= EXERCISE DETAILS =
Your job is to return every line in the data holding the string "machines".

[Saved entries]
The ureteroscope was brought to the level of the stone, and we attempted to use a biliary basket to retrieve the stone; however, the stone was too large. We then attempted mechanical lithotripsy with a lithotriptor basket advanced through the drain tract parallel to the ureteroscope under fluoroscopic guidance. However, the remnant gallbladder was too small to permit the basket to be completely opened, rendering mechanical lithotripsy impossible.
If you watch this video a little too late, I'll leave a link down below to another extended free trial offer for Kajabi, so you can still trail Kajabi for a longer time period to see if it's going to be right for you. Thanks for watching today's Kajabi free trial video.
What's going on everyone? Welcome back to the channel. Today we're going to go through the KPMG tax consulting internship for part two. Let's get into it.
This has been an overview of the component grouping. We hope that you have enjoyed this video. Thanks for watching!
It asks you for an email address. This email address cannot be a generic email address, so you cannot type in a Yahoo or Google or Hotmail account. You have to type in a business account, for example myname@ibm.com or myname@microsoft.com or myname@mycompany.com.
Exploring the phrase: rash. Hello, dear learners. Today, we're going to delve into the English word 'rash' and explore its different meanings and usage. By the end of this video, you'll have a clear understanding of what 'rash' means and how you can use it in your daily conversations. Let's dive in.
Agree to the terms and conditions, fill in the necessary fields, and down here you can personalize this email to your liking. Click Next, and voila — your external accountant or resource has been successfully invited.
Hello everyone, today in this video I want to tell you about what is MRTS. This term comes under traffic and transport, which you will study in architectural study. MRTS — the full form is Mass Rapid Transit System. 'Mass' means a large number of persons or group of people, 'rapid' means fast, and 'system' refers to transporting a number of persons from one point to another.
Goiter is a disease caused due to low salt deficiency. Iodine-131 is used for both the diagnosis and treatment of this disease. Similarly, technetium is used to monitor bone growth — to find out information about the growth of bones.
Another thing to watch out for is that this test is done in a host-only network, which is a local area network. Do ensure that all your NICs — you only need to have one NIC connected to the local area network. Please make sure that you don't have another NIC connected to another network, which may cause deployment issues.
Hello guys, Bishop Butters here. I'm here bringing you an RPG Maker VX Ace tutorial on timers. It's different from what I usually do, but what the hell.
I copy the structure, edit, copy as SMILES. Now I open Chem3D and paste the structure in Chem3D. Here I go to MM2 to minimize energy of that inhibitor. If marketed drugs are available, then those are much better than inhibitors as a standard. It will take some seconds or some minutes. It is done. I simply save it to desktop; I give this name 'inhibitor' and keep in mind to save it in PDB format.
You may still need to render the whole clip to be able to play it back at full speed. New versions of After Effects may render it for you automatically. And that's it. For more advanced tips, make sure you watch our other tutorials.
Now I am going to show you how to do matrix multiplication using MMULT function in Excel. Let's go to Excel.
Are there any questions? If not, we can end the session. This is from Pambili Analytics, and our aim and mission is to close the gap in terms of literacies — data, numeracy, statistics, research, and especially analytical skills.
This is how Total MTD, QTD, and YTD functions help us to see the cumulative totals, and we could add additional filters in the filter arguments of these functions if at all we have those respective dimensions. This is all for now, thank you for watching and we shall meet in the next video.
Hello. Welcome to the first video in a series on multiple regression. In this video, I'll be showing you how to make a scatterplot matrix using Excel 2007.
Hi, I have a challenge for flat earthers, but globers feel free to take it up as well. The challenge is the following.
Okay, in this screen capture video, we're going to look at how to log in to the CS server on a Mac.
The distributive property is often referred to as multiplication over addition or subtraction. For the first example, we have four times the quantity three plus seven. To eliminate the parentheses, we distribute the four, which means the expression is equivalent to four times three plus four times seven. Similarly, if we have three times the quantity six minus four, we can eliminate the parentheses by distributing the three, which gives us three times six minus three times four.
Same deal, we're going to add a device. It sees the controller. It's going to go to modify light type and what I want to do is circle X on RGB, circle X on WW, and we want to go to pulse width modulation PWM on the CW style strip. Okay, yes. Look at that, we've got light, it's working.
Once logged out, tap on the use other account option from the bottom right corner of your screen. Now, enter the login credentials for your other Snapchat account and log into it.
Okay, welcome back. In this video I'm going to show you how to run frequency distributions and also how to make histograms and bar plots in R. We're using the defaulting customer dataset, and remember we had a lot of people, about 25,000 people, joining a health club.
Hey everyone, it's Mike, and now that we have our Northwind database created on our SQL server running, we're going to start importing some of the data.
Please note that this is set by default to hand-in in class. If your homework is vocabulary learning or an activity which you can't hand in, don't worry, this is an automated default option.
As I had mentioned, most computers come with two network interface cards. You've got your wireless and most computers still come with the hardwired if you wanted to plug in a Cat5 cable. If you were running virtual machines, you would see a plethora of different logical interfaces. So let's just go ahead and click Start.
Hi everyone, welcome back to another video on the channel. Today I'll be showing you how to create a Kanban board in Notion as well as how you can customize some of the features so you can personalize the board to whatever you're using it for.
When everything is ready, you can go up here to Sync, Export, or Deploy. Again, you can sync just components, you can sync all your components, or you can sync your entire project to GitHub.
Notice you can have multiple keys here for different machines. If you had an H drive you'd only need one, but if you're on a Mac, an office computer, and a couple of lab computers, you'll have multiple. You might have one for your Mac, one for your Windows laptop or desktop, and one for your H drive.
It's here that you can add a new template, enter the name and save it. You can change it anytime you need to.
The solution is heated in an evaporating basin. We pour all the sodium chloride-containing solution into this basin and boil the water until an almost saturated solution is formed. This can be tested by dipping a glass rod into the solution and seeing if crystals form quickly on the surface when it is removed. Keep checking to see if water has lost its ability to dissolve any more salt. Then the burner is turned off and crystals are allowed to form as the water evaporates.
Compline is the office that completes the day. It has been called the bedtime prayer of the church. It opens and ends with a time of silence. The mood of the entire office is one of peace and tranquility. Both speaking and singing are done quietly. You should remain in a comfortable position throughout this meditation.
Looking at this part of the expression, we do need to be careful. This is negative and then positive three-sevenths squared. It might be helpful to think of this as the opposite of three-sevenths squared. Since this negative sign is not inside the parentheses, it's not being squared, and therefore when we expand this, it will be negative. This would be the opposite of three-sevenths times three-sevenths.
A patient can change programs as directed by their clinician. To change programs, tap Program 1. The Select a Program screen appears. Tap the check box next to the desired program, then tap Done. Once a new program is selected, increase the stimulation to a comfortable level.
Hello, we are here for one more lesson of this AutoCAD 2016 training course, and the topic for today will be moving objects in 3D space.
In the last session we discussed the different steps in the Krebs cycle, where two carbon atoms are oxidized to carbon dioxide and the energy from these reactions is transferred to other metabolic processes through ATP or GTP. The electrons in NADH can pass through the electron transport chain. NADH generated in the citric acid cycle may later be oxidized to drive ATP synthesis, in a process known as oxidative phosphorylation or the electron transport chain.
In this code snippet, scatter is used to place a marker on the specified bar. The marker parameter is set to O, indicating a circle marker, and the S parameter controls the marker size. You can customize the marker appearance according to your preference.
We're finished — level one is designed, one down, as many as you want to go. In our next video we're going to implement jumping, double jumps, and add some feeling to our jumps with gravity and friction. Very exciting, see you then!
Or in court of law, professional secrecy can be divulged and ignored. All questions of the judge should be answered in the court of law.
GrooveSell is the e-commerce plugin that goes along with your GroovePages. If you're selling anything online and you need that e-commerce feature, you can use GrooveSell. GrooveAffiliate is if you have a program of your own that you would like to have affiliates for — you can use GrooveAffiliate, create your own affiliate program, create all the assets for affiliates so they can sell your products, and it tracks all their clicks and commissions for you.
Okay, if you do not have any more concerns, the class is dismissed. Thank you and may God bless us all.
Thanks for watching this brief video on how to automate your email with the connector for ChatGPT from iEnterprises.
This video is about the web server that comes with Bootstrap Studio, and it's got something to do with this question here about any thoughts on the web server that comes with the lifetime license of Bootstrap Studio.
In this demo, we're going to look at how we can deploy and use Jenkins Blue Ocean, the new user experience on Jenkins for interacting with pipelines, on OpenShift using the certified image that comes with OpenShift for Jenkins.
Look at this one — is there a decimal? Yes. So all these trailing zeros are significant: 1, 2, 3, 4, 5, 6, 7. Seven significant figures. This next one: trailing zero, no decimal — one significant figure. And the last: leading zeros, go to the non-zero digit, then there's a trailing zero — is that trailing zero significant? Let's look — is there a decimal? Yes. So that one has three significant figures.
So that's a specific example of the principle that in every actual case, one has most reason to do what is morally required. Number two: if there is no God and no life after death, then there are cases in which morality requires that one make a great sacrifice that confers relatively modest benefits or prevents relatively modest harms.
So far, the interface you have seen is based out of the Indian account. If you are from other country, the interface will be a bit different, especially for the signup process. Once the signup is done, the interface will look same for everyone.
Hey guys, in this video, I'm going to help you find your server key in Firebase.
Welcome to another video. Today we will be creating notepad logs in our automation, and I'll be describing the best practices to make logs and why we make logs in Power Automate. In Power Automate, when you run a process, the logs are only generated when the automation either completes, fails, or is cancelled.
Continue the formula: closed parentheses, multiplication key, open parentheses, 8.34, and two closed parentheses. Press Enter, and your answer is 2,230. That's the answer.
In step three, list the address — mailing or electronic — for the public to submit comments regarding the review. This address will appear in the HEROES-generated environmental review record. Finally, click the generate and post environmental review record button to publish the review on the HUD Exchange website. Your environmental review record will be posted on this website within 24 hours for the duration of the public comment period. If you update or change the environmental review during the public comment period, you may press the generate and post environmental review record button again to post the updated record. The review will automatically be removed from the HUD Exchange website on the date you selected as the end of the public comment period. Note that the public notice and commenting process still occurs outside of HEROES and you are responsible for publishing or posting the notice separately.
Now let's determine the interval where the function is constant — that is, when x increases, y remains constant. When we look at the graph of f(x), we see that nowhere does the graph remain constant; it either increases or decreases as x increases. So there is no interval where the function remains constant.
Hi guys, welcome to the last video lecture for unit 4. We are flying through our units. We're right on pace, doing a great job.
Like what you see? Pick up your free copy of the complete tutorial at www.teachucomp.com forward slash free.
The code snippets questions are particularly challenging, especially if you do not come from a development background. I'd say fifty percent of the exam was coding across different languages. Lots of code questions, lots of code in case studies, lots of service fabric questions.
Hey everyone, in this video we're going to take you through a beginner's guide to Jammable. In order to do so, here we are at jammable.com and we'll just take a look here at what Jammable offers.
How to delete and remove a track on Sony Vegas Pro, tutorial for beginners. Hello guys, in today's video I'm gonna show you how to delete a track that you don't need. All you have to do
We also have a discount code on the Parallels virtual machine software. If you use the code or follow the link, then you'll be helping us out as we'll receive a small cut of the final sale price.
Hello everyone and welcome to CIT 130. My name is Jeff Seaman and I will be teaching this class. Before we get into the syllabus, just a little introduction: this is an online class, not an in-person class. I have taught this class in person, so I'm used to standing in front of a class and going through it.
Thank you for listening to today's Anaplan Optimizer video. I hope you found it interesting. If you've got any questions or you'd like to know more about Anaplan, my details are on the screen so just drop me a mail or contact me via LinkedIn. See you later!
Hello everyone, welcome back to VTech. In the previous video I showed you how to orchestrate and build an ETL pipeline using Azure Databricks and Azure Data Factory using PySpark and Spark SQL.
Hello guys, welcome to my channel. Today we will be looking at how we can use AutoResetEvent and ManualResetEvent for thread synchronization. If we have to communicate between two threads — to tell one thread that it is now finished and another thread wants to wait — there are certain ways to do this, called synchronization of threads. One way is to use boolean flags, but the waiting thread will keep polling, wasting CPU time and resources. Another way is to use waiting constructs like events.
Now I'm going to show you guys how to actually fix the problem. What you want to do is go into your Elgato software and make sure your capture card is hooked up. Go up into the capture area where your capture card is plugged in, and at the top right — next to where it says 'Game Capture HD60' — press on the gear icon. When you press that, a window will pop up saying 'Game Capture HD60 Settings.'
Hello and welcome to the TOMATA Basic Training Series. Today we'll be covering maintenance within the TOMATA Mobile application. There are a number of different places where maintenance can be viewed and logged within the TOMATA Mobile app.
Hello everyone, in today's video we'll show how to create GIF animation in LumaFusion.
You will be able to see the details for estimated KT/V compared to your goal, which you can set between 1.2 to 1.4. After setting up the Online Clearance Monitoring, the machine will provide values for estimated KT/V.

= YOUR SOLUTION =
As I had mentioned, most computers come with two network interface cards. You've got your wireless and most computers still come with the hardwired if you wanted to plug in a Cat5 cable. If you were running virtual machines, you would see a plethora of different logical interfaces. So let's just go ahead and click Start.
Notice you can have multiple keys here for different machines. If you had an H drive you'd only need one, but if you're on a Mac, an office computer, and a couple of lab computers, you'll have multiple. You might have one for your Mac, one for your Windows laptop or desktop, and one for your H drive.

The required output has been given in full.